Australia is a very old continent with a comparatively small population. Aboriginal people arrived at least 65,000 years ago, the first European settlers in 1788. And despite wave after wave of various immigrants, some Australians can be quite intolerant. At that time, they also liked to make fun of the upper-crust British accent more than any other. To them it sounded snobbish and stuck-up, while Australians traditionally prided themselves on being unpretentious. And since many of their ancestors were transported to the colony as convicts by the English ruling class—often for petty theft—a powerful history of home-grown rebellion against ‘rule Britannia’ and, specifically, its upper class, was ingrained in Australia.
And sure enough, having been schooled among British subjects and their offspring all his educational life, by then twelve-year-old Michael sounded more like a well-to-do English lad than a flat-drawling Aussie.
Risky.
Anyway, he stepped off the school bus at Killarney Heights High incongruously wearing the uniform of his previous school. (It was always happening to me too, perennially wearing the wrong uniform. Oh, how I remember that ghastly first contact at each new school.)

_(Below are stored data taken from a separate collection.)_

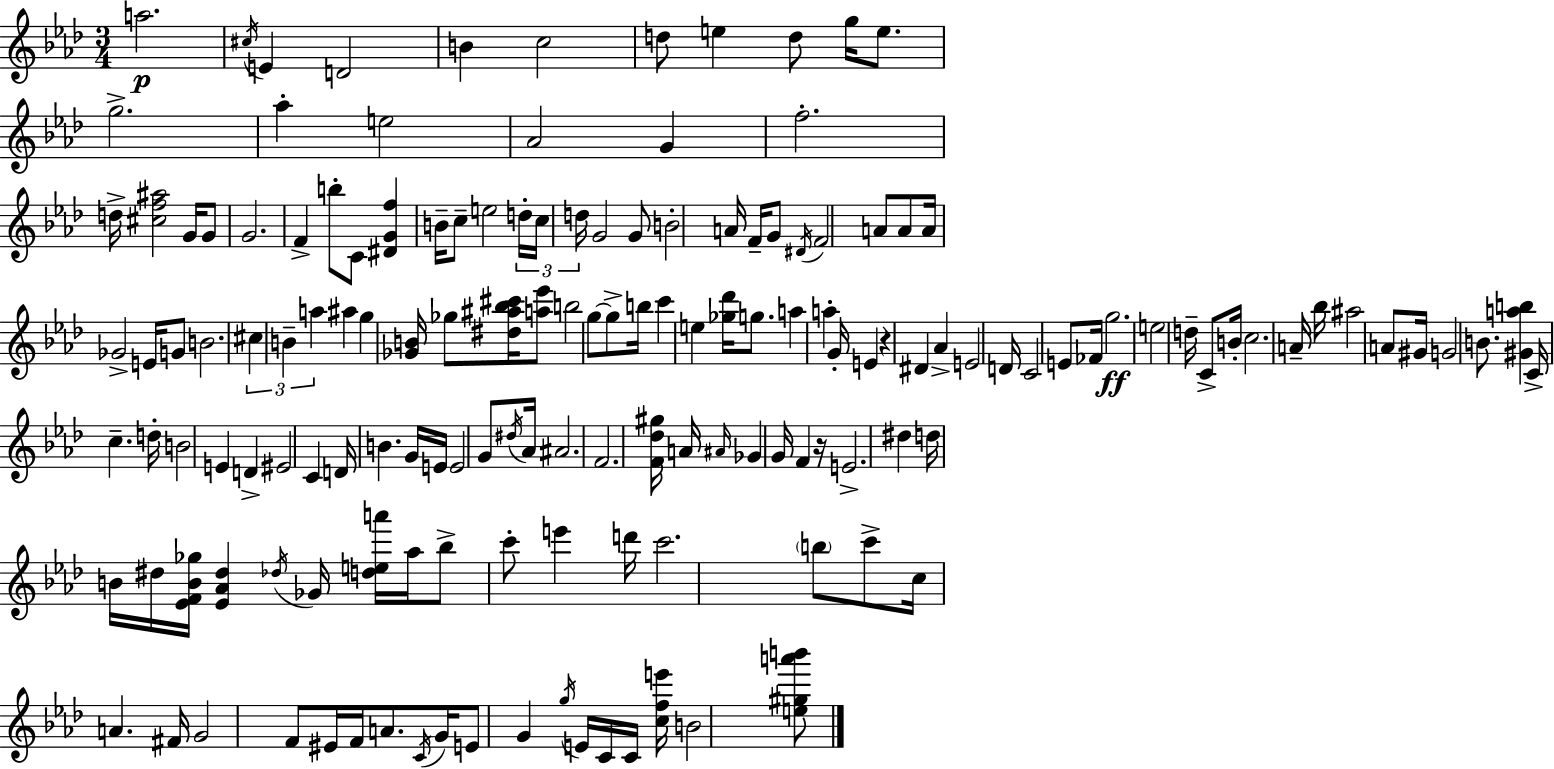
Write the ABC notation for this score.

X:1
T:Untitled
M:3/4
L:1/4
K:Fm
a2 ^c/4 E D2 B c2 d/2 e d/2 g/4 e/2 g2 _a e2 _A2 G f2 d/4 [^cf^a]2 G/4 G/2 G2 F b/2 C/2 [^DGf] B/4 c/2 e2 d/4 c/4 d/4 G2 G/2 B2 A/4 F/4 G/2 ^D/4 F2 A/2 A/2 A/4 _G2 E/4 G/2 B2 ^c B a ^a g [_GB]/4 _g/2 [^d^a_b^c']/4 [a_e']/2 b2 g/2 g/2 b/4 c' e [_g_d']/4 g/2 a a G/4 E z ^D _A E2 D/4 C2 E/2 _F/4 g2 e2 d/4 C/2 B/4 c2 A/4 _b/4 ^a2 A/2 ^G/4 G2 B/2 [^Gab] C/4 c d/4 B2 E D ^E2 C D/4 B G/4 E/4 E2 G/2 ^d/4 _A/4 ^A2 F2 [F_d^g]/4 A/4 ^A/4 _G G/4 F z/4 E2 ^d d/4 B/4 ^d/4 [_EFB_g]/4 [_E_A^d] _d/4 _G/4 [dea']/4 _a/4 _b/2 c'/2 e' d'/4 c'2 b/2 c'/2 c/4 A ^F/4 G2 F/2 ^E/4 F/4 A/2 C/4 G/4 E/2 G g/4 E/4 C/4 C/4 [cfe']/4 B2 [e^ga'b']/2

Some kids ganged up, threw tennis balls at him, teased, harassed and heckled.
‘It was such a shock to come back [to Sydney],’ Michael would tell the South China Morning Post in 1994. (I can’t help being impressed by how he would always seem a whole different man in Hong Kong. He was visiting the city with INXS then, to play. The local papers treated—and still treat—him as a respected prodigal son; one of their own. The city celebrates his intelligence and successes as a matter of course. Perhaps they never really saw him like some Australians did, as a tall poppy that needed scything down to size.)
‘It was a sea of freckly red-haired kids and blonde kids … there was a certain amount of roughness shown to me. Australia is a very young rough place, and I’ve grown to love that, but for me, I went from a very sophisticated, modern society to cowboys. And that’s hard. Suddenly I had to learn to fight …’

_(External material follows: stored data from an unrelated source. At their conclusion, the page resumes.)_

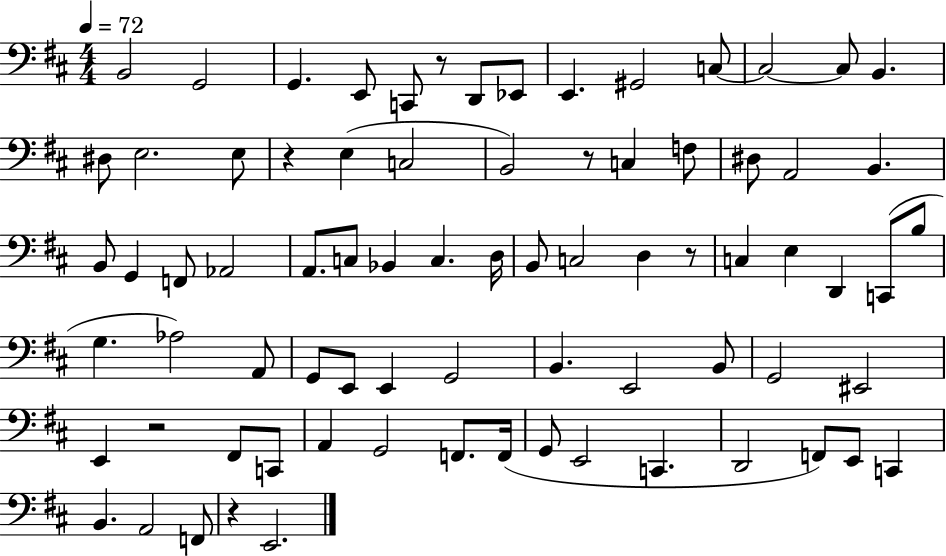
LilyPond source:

{
  \clef bass
  \numericTimeSignature
  \time 4/4
  \key d \major
  \tempo 4 = 72
  \repeat volta 2 { b,2 g,2 | g,4. e,8 c,8 r8 d,8 ees,8 | e,4. gis,2 c8~~ | c2~~ c8 b,4. | \break dis8 e2. e8 | r4 e4( c2 | b,2) r8 c4 f8 | dis8 a,2 b,4. | \break b,8 g,4 f,8 aes,2 | a,8. c8 bes,4 c4. d16 | b,8 c2 d4 r8 | c4 e4 d,4 c,8( b8 | \break g4. aes2) a,8 | g,8 e,8 e,4 g,2 | b,4. e,2 b,8 | g,2 eis,2 | \break e,4 r2 fis,8 c,8 | a,4 g,2 f,8. f,16( | g,8 e,2 c,4. | d,2 f,8) e,8 c,4 | \break b,4. a,2 f,8 | r4 e,2. | } \bar "|."
}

Standing up to their attack at Killarney Heights High that day was easier said than done, especially when your every word sounded ‘la de dah’ to a mob of jeering Aussies. For a shy kid who’d just been forced to leave his childhood friends overseas, this was calamitous.
Fortunately for Michael, another new kid called Andrew Farriss had arrived not long before and had swiftly become mates with Paul, a useful ally.

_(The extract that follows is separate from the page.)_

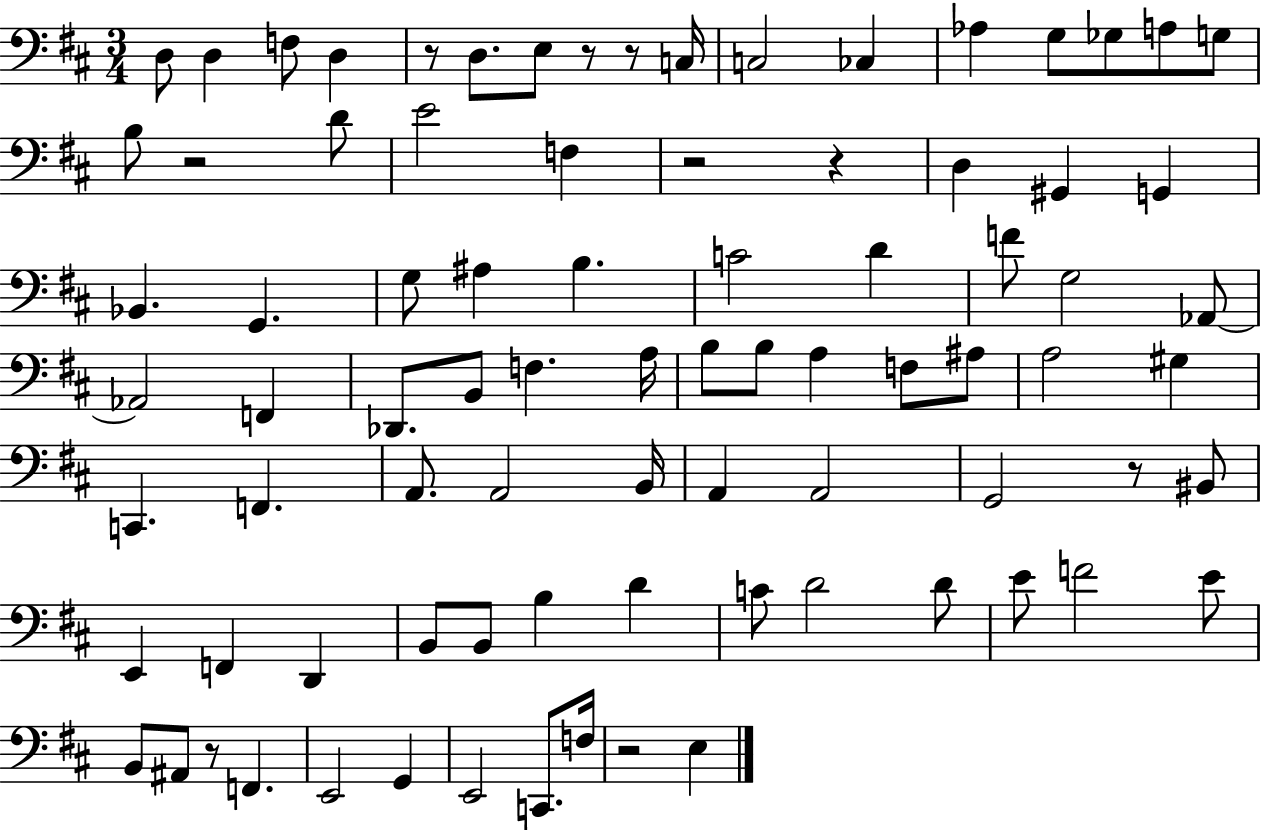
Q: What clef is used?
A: bass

‘He was getting bullied and was about to get into a huge fight when I stepped in with my six-foot mate to rescue him,’ said Andrew. ‘I’ve always hated bullies.’
Andrew and Michael did not become instant friends then, but they gradually developed a respect for one another that grew into not only a lifelong friendship, but the song-writing backbone of INXS.
I’d have to say the atmosphere at our Belrose home was not the best. Our parents had decided to stay together for—what else—‘the boys’. Honestly, watching your parents live separate lives in the same household is torture for a child. If you think you can smile as you interact with your children while giving your spouse the silent treatment, and they won’t notice, think again. Message received loud and clear. The obvious fraudulence of an estranged couple, our parents, being ‘together’ just amplified the awkwardness. Resentment built. Michael was just four months shy of becoming a teenager and Rhett was growing fast. Mother and Kell were not fooling them anymore.
Then, only a short time after they bought the house, Kell took out a second mortgage on it so he could set up business at a factory in the city of Maitland—once again without discussing it with Mother. As it was a two-hour drive north he’d leave early Monday morning and be back in Belrose on Friday evening. With this new, demanding business and a heavily mortgaged home, a second income was imperative. Mother picked up work as a make-up artist in television.
Michael was struggling a little at this stage. Not only socially, but also as he tried to settle into the New South Wales high school curriculum.
I could relate to this too. With every move our family made, I’d fallen further behind in my studies as well. It’s one thing to move across town, but when you switch states, or in my brothers’ case, relocate overseas, there’s a lot of adjusting to do. Grade seven in Sydney is different from grade seven in Brisbane is different from grade seven in Hong Kong. Our parents never investigated the differences in educational approach or thought it necessary to wait until the end of the school year before they relocated.
Further to that, Michael was a boy who’d just been forced to abandon his friends overseas. The bedevilling tensions in his household were confusing and he was affected.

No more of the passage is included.